28. Interview with Prime Minister Rabin on Israel Television, 20 September 1974.

At the conclusion of Mr. Rabin's "first one hundred days in office", and having returned from the United States, the Prime Minister gave an outline of the course to be followed by his administration. Excerpts:

... The guideline of the Government today, in the period after the Yom Kippur War, the period following the achievement of the Disengagement Agreements - is to try and do everything possible in order to make progress towards peace.

It is my belief that since the State was established - even before it came into being we wanted the establishment of a Jewish State which would exist here in peace. This striving for peace, I feel, always has been and still remains the ardent desire of every Jew, of every citizen of the State of Israel.

So far, in the last 26 years, we have not succeeded in attaining peace. We are now facing a cross-roads. If we do not advance towards peace then the dangers of war will increase.

How can a peace be achieved? There are two ways: one - that from the situation as it is at present, we manage to bring our neighbours to the stage of consenting to negotiations without prior conditions so as to sign a peace treaty. I am convinced that this Government , I myself at least - I would be prepared - in order to reach a true peace - to concede, to agree to territorial compromise, which means the returning of lands as compared with the present lines, but not to return to the lines which existed before the Six-Day War.

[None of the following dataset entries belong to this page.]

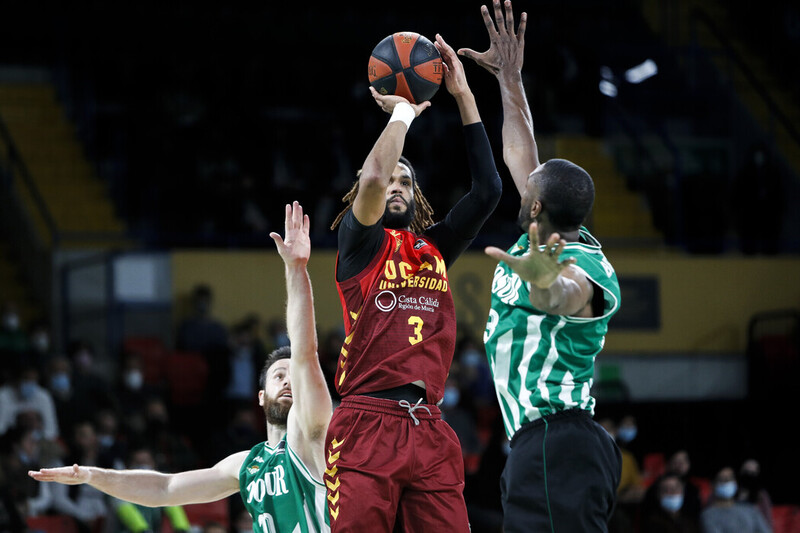 El Unicaja contacta con Angel Delgado, gusta James Webb y se queda Ibon Navarro aunque con muchas dudas sobre su figura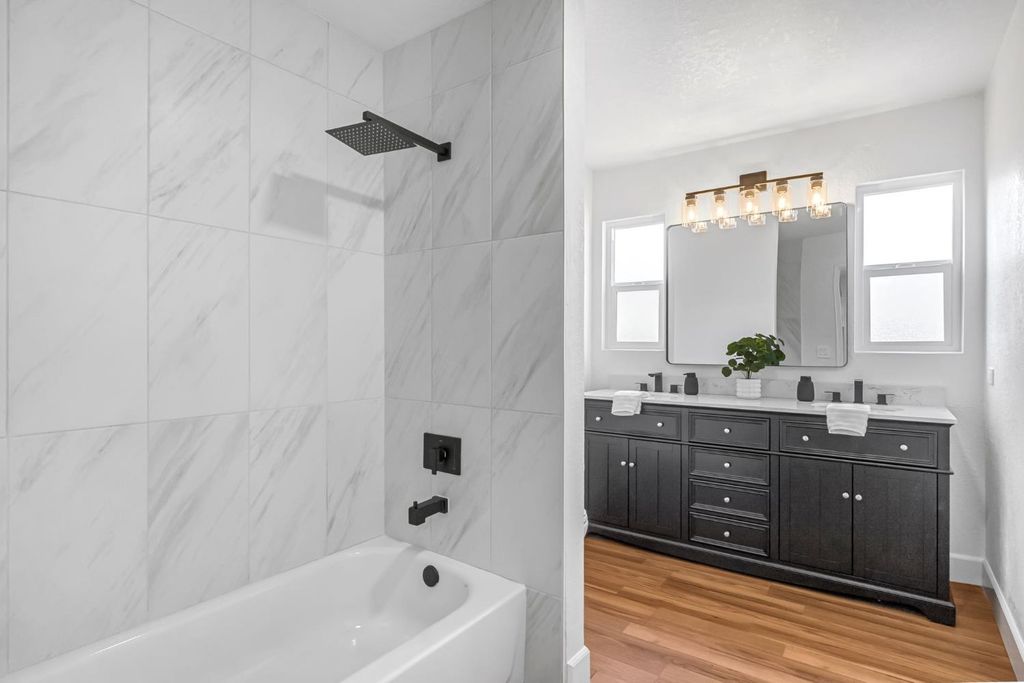 Image 21 of property listing at 2482 Country Club, Selma, CA 93662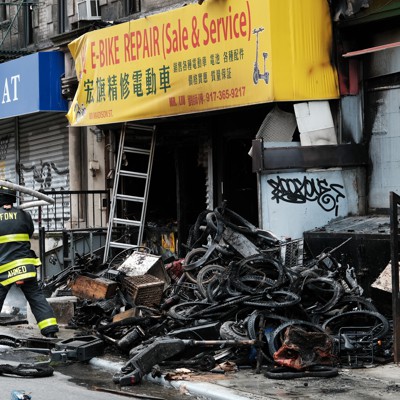 Why e-bike batteries are becoming the most dangerous object in New York - Vimarsana News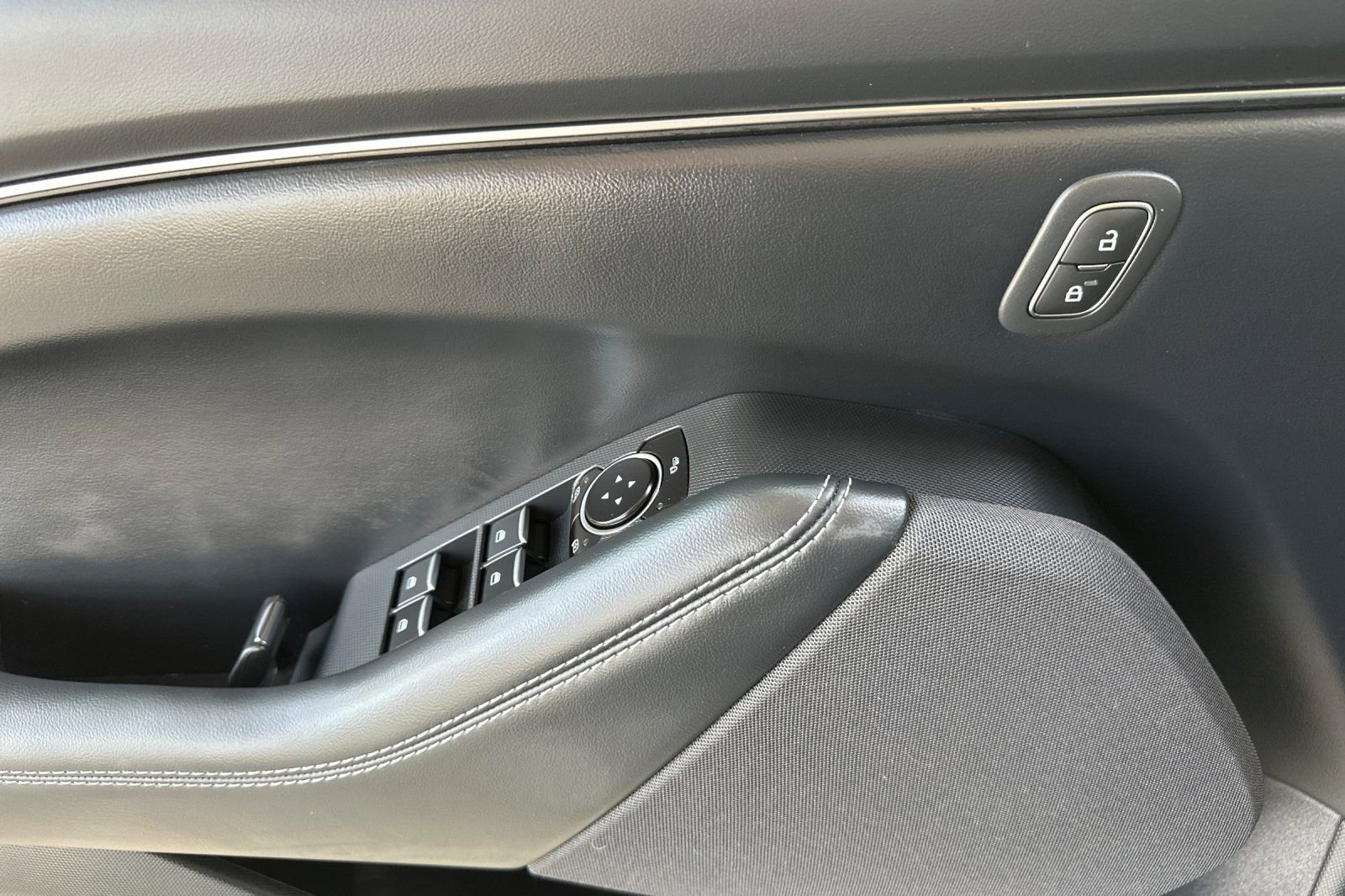 Used 2023 Ford Mustang Mach-E Select image 11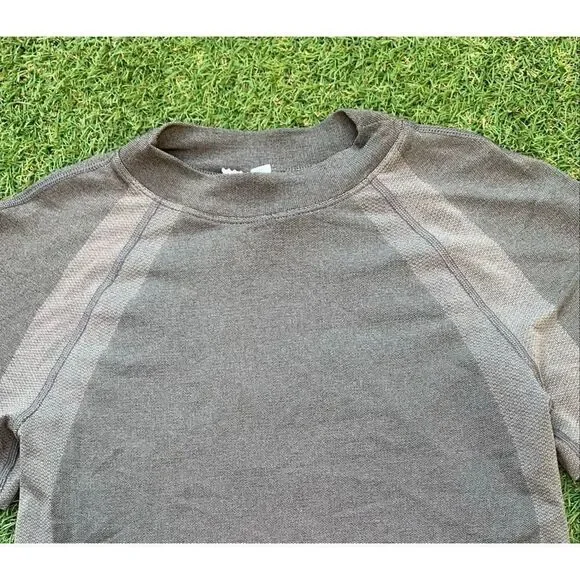 LULULEMON training TECH gray SHORT SLEEVE SEAMLESS T SHIRT TOP sz 8 - Picture 6 of 7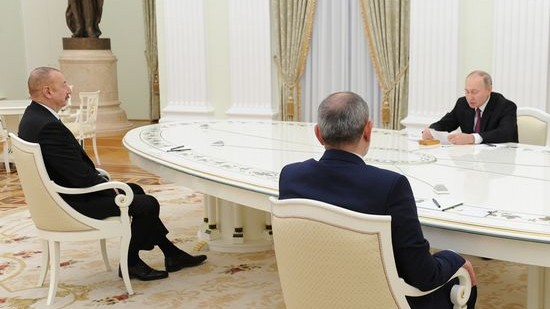 Putin, İlham Əliyev və Paşinyanla telefonla danışacaq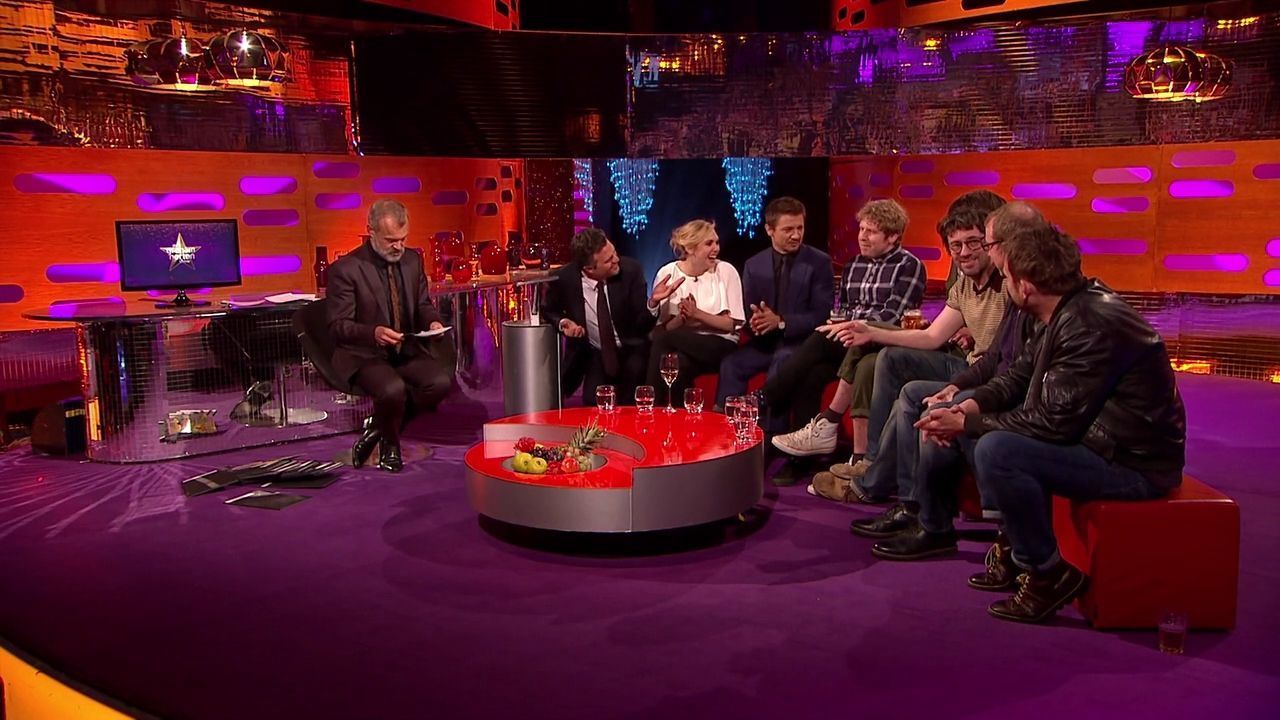 04-25-2015-GrahamNortonShow-587.jpg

But, if there were a real possibility to reach a true peace with one or more Arab States, I would be in favour of compromise, perhaps even compromise of a far-reaching nature. As we know today, there is no such readiness on the part of the Arab States. I was also told in Washington, and we hear this on the air, that the Arab States evince no such readiness.

On the other hand, there exists another possibility, the possibility of progressing in stages. This way is dangerous because you do not achieve peace. You achieve something of peace, while giving up part of that territory which you would have been prepared to concede for a total peace.

I am convinced that if we are not allowed to progress towards peace in the first way, we are bound to try the second way despite the dangers it incurs.

I believe that a Government which does not make a sober effort to progress towards peace, which does not incur risks for the sake of peace, is not fulfilling its task properly. I believe that we owe ourselves peace and that in the absence of progress towards peace, the danger of war increases. A Government which does not do all in its power to find a way to peace will not be able to face the people with a clear conscience if and when war occurs.

I also believe that one of the conditions for the strengthening of the State of Israel, for the maintenance of friendship towards us on the part of many countries, the United States foremost, is linked to the feeling, to the belief, that the State of Israel is really seeking ways for peace, and not only one way.

... Peace can be achieved by one move from the present state to a state of peace. There is also a second possibility of making progress in stages. In other words, that we do not give back all the territory, say, that we today intend to give back in the event that peace is obtained, and the other side does not provide a full peace. For instance, a state of nonbelligerency does not yet constitute peace.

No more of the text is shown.